Getting train/val/test data #20

Closed patrickbryant1 closed 1 month ago

patrickbryant1 commented 1 month ago

Hi,

Thanks for creating this dataset - it looks nice!

Can you please provide a way to get the train/val/test splits you provide without having to read so much documentation? E.g wget /path/to/cloud/[train,val,test].compr

Best,

Patrick

patrickbryant1 commented 1 month ago

Hi,

I would appreciate some help here as I find the data incomprehensible.

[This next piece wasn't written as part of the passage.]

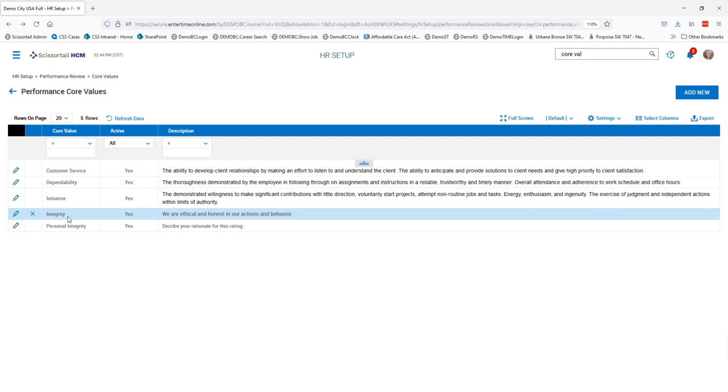That's because the other values are all applied to a performance review profile and we can't delete those unless they are deleted from the profiles.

  1. Where do I find e.g. the PL50 split? This is not annotated in the parquet file gs://plinder/2024-06/v2/splits/splits_metaflow_config_split_v2_split_single_graph_yaml.parquet
  2. Where are the structures? These are not available in the json files as far as I can see?

As I understand it, your objective here is to make the data easily available. I can assure you that very few can parse it as it is now.

Best,

Patrick

tjduigna commented 1 month ago

Hi Patrick,

The easiest way to download the entire dataset would be with the gsutil or gcloud storage command line tool, as the dataset is hosted in a google cloud storage bucket.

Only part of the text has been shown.